TASK TO COMPLETE: From the records below, output exactly the lines starting at the line with "20M Washing Line" and ending at the line with "Kerst in juli", both of them included, but no pictures.

----- DATA LISTING -----

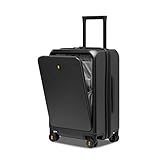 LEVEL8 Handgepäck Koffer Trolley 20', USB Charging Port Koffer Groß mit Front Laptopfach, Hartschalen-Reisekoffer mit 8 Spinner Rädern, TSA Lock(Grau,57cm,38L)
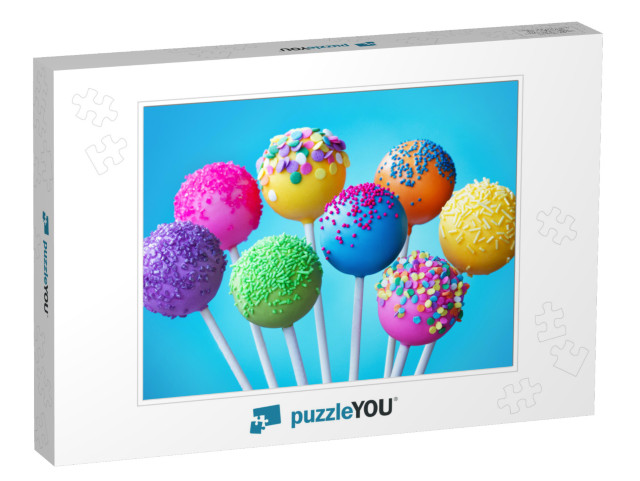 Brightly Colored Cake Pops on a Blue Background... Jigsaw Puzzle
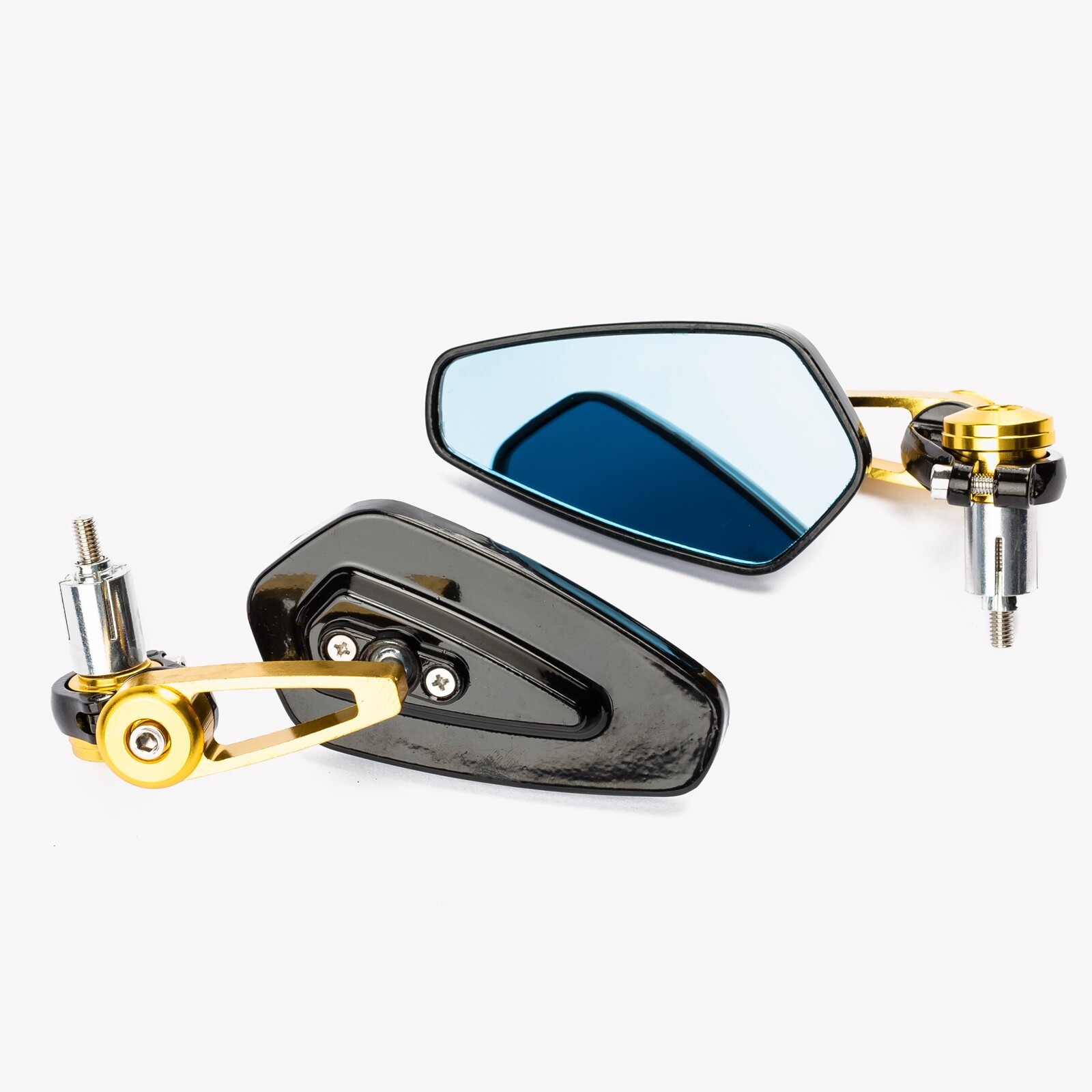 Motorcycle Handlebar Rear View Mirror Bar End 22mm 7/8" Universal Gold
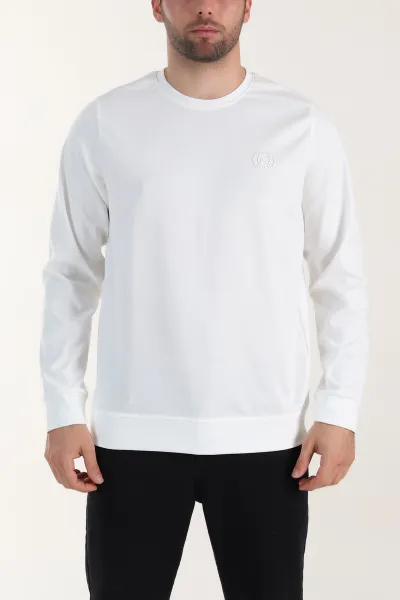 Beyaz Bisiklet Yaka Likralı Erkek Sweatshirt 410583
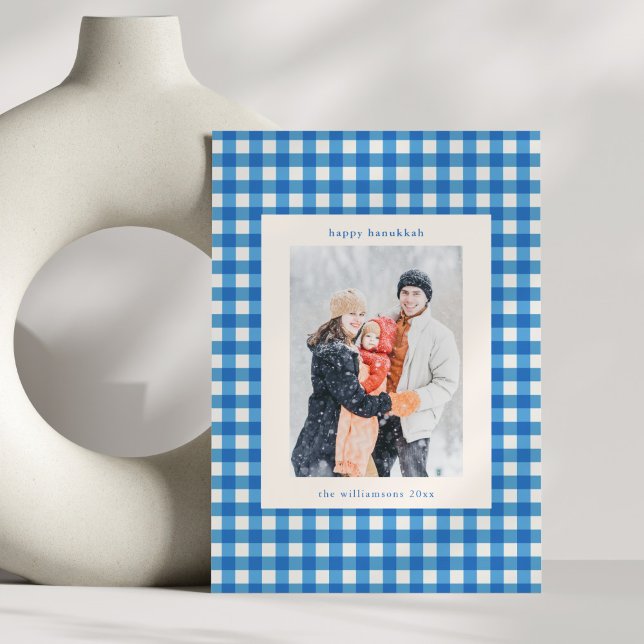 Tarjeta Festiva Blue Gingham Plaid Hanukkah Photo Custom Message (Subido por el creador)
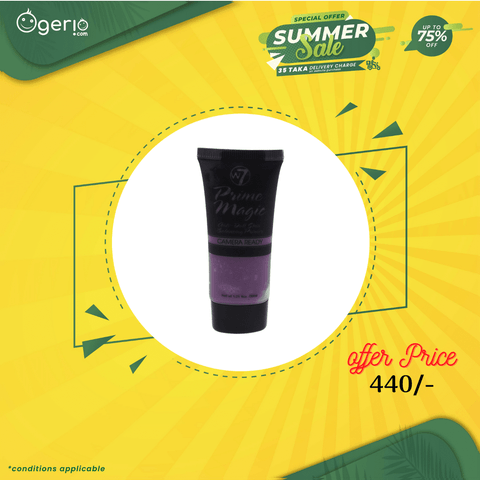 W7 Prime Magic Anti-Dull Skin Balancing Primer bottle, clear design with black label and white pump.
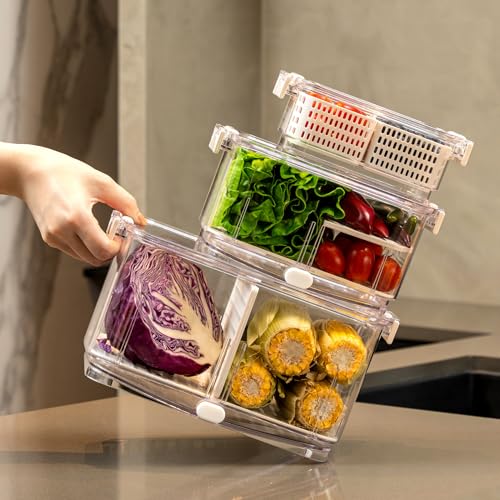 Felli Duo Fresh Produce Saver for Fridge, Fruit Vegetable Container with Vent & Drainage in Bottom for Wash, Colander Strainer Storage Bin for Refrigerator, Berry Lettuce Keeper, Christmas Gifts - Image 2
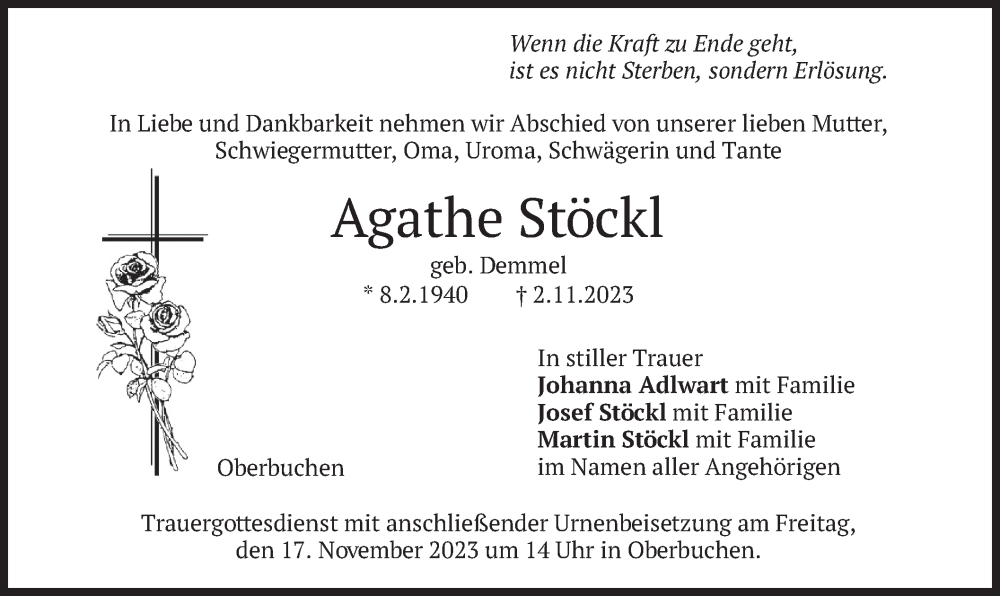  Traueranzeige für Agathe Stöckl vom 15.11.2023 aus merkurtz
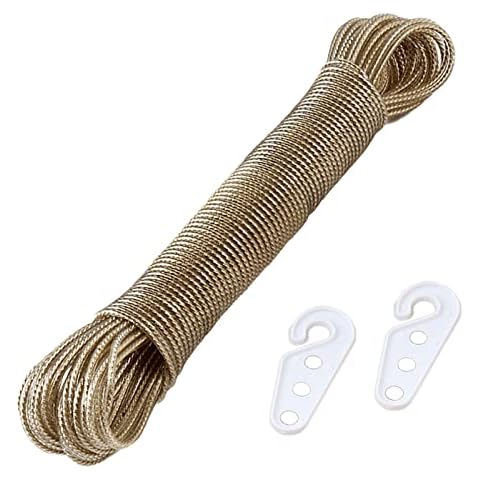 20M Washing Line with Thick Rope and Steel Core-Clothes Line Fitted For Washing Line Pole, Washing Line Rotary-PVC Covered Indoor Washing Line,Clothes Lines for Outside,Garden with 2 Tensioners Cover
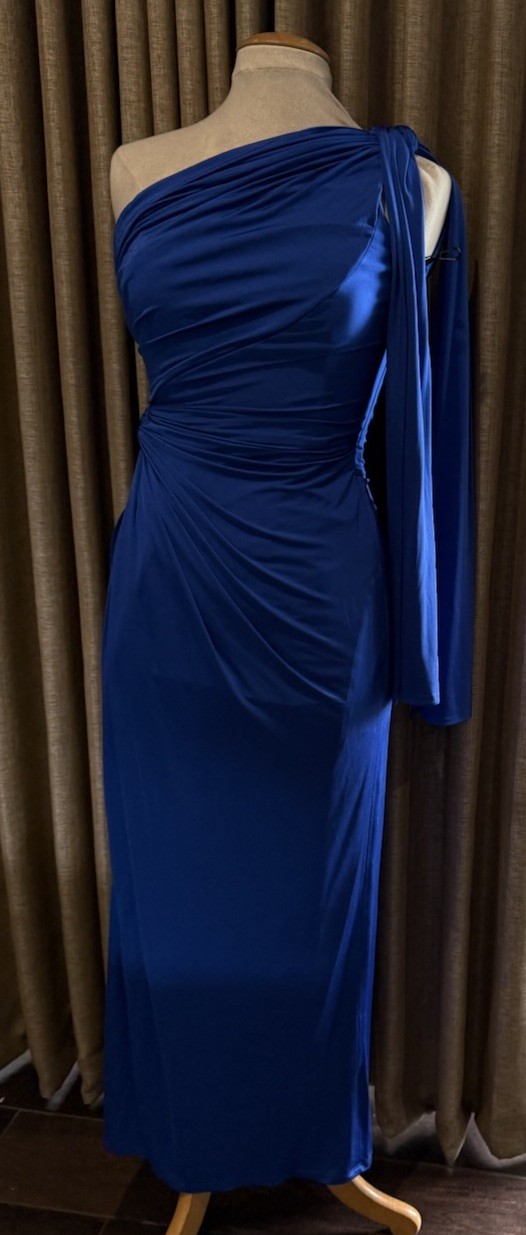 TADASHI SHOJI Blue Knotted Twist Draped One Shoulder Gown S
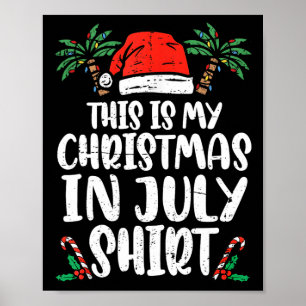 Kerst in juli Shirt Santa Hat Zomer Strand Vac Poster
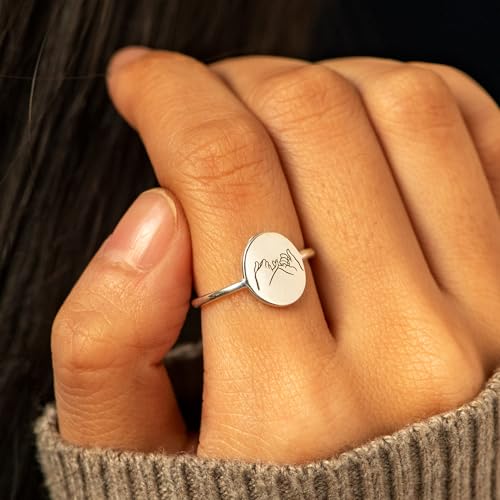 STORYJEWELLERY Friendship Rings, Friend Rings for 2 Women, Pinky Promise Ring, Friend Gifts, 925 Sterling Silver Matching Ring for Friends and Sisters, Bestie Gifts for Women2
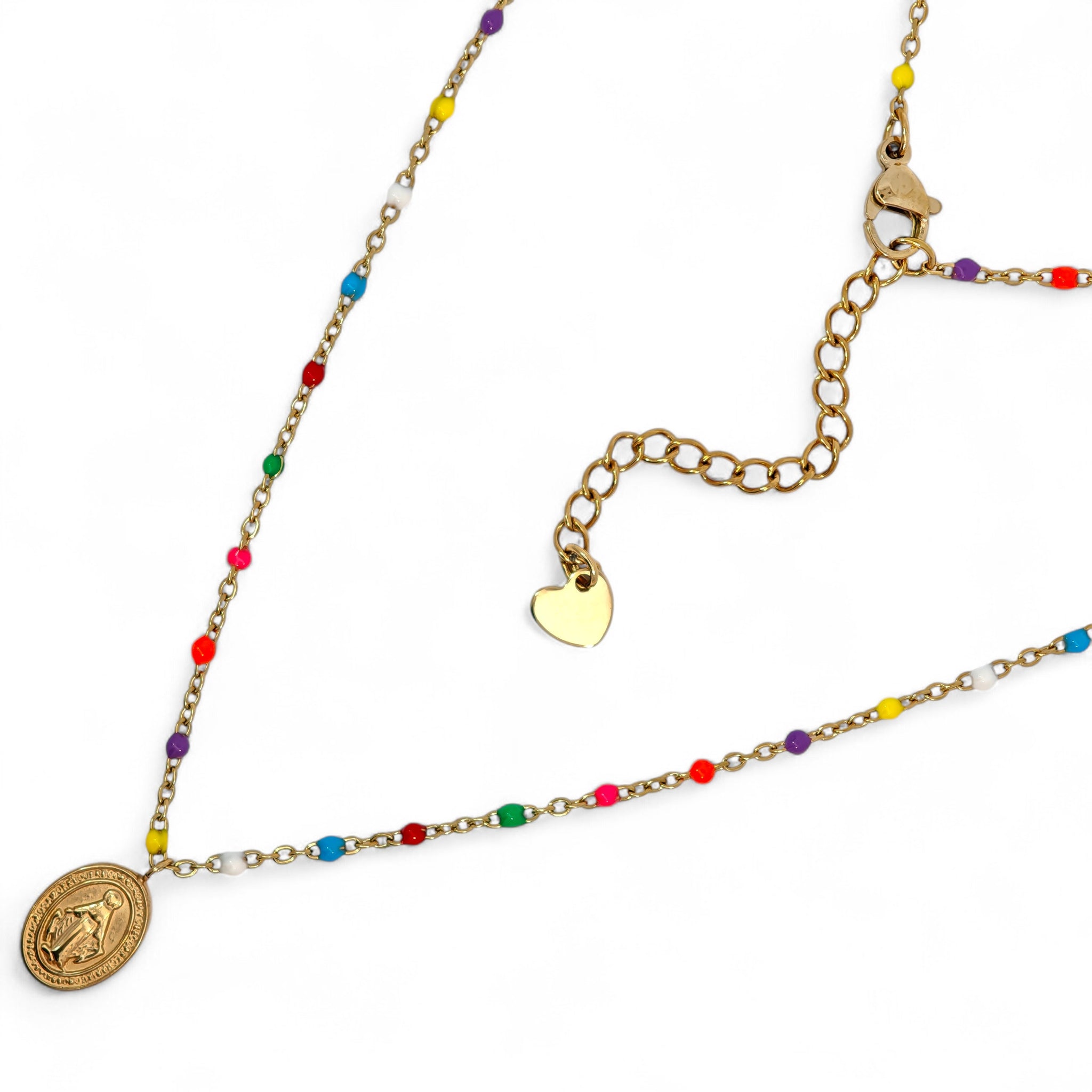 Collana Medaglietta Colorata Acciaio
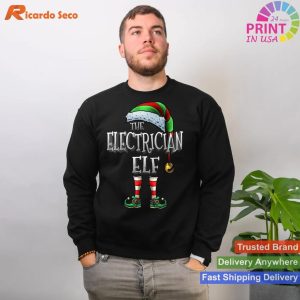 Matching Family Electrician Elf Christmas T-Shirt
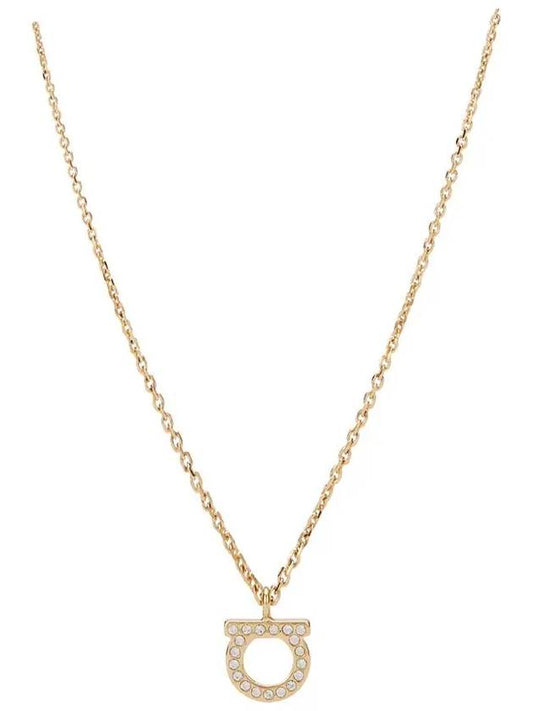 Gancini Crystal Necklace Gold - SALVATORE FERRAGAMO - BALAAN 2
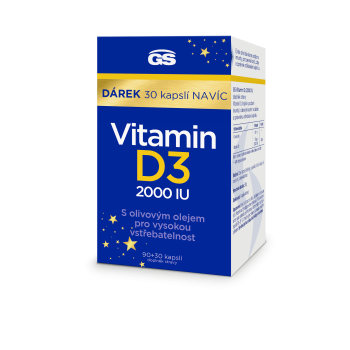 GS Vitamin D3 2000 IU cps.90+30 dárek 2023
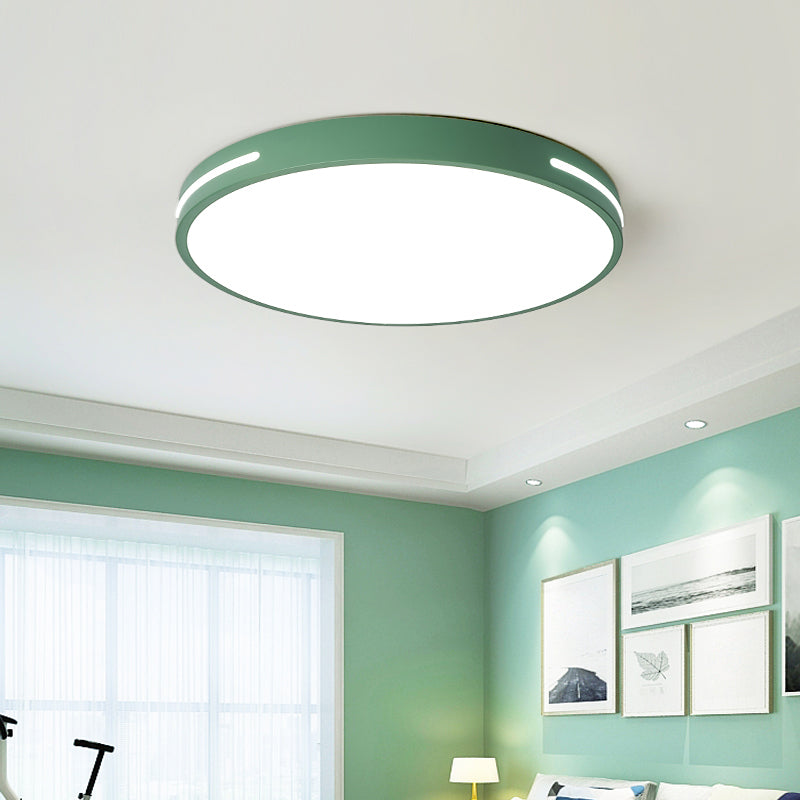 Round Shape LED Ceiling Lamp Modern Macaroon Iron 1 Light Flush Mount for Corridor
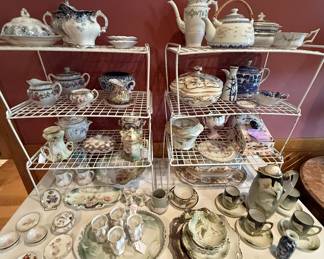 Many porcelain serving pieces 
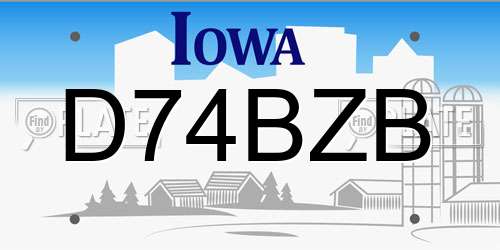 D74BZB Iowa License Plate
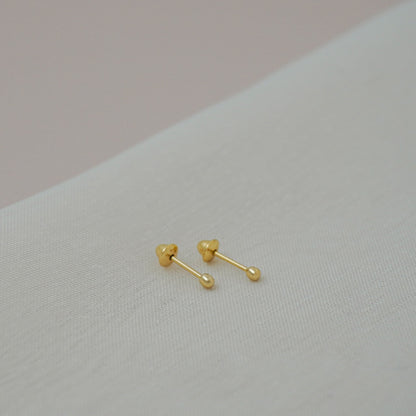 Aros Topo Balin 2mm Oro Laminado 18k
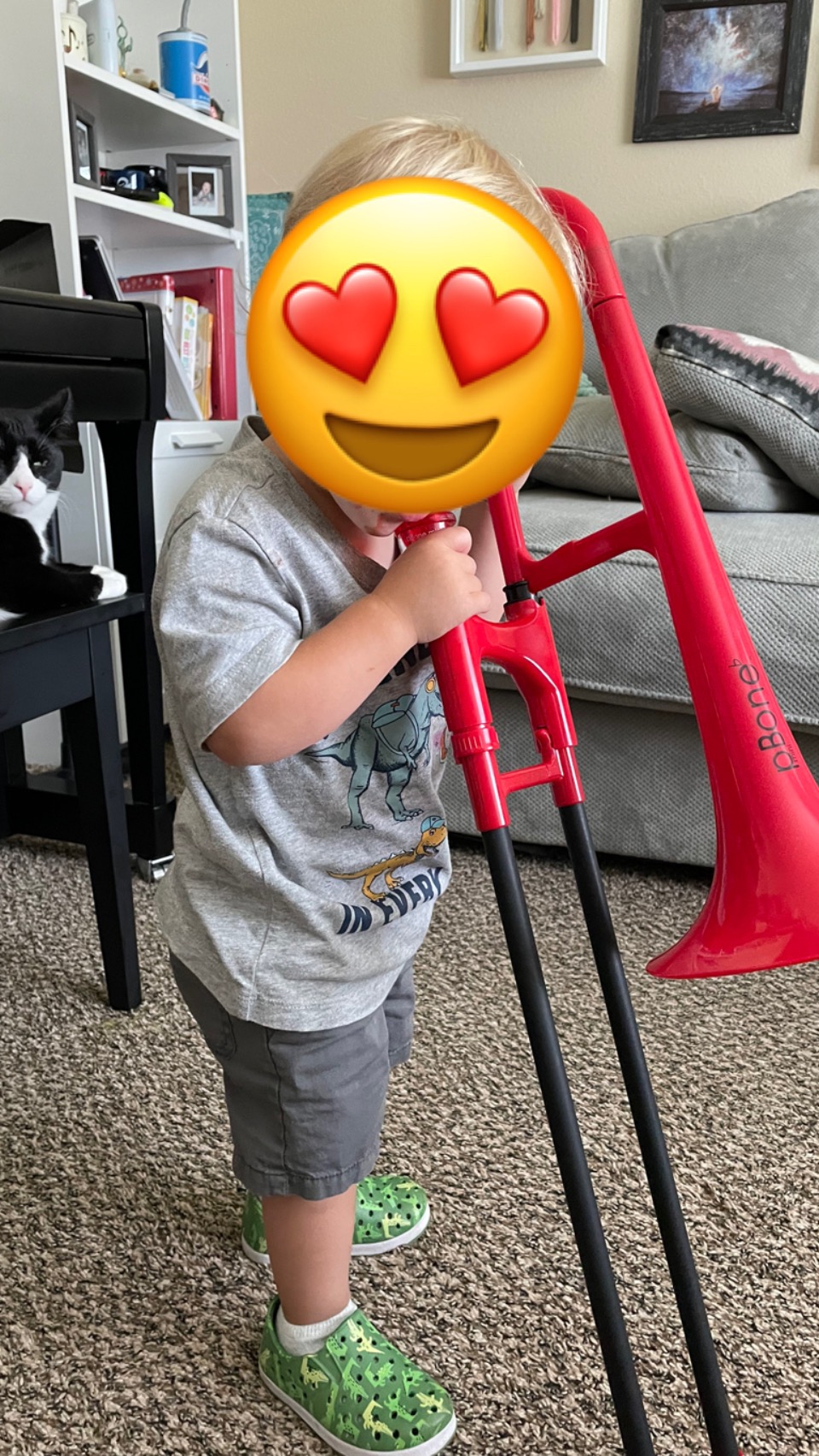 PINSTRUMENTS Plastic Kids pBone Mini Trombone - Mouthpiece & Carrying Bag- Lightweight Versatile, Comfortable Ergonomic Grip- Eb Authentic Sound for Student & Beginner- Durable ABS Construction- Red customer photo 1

-----

YOUR SOLUTION:
 20M Washing Line with Thick Rope and Steel Core-Clothes Line Fitted For Washing Line Pole, Washing Line Rotary-PVC Covered Indoor Washing Line,Clothes Lines for Outside,Garden with 2 Tensioners Cover
 TADASHI SHOJI Blue Knotted Twist Draped One Shoulder Gown S
 Kerst in juli Shirt Santa Hat Zomer Strand Vac Poster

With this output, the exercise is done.